* [STUDY MATERIAL]
========================================
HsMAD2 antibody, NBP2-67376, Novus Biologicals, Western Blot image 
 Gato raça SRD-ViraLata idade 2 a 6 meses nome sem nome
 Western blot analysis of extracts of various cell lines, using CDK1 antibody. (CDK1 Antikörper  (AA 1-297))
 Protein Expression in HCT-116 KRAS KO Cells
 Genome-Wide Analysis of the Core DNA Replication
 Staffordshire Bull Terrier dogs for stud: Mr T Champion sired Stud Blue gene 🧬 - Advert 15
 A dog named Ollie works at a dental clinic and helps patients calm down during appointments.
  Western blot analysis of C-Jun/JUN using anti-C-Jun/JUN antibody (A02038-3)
========================================
From beginning to end, the data must be duplicated exactly.

HsMAD2 antibody, NBP2-67376, Novus Biologicals, Western Blot image 
 Gato raça SRD-ViraLata idade 2 a 6 meses nome sem nome
 Western blot analysis of extracts of various cell lines, using CDK1 antibody. (CDK1 Antikörper  (AA 1-297))
 Protein Expression in HCT-116 KRAS KO Cells
 Genome-Wide Analysis of the Core DNA Replication
 Staffordshire Bull Terrier dogs for stud: Mr T Champion sired Stud Blue gene 🧬 - Advert 15
 A dog named Ollie works at a dental clinic and helps patients calm down during appointments.
  Western blot analysis of C-Jun/JUN using anti-C-Jun/JUN antibody (A02038-3)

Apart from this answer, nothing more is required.